Of course the cuts in services are coming. Big ones. Jails will have to disgorge some prisoners (they'll keep it quiet), law enforcement will get downsized, garbage will sit a bit longer, courts will have fewer workers and judges will be culled. And hospitals. They're already closing them at a fast pace in states like NY. Look for that to continue as well as fewer nurses, technicians and maintenance. 

 

downwiththebanks's picture

Exactly right:

It's called theft.  Theft, by the corporations, of the people, using the biggest weapon capital has:  the law.

Same as it ever was.

Cursive's picture

You wanna see some pissed off people?  Get the members of AFT and NEA mad.  This is a hornet's nest.
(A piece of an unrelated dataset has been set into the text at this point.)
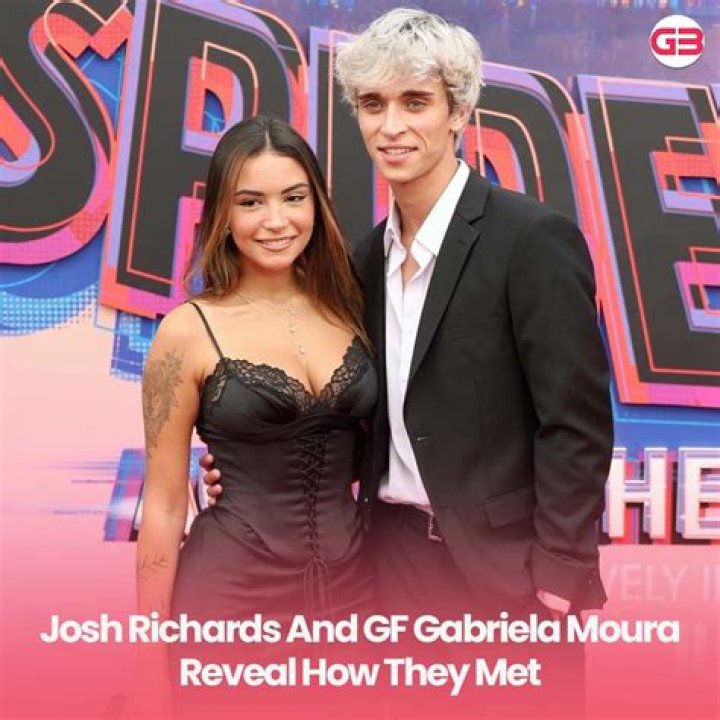 Josh Richards & Gabi Moura Caught Making Out Beside The Bonfire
If this goes down in Illinois, every teacher in the country is going to know about.  There will be violence.

Jean Valjean's picture

I'm with you on this.  Teachers, in general, believe their own bs more than any other profession.  Blankfein saying he's doing "God's work" pales in comparison with a teacher's feeling of self importance.

downwiththebanks's picture

Teachers teach.  Firefighters fight fires. 

And Blankfein rapes your mother.

That you equate them to one another says much more about you than them, Jean.

You should really change your pseudonym.

Jean Valjean's picture

I didn't equate them.  I used them as a comparison in an attitude of self-importance which I will stand by "in general".  Perhaps you are a good and humble teacher or perhaps you are a teacher who rapes childrens minds.  I can't tell.

At least I didn't compare the gulf oil spill with 9-11.  Now that would have been asinine.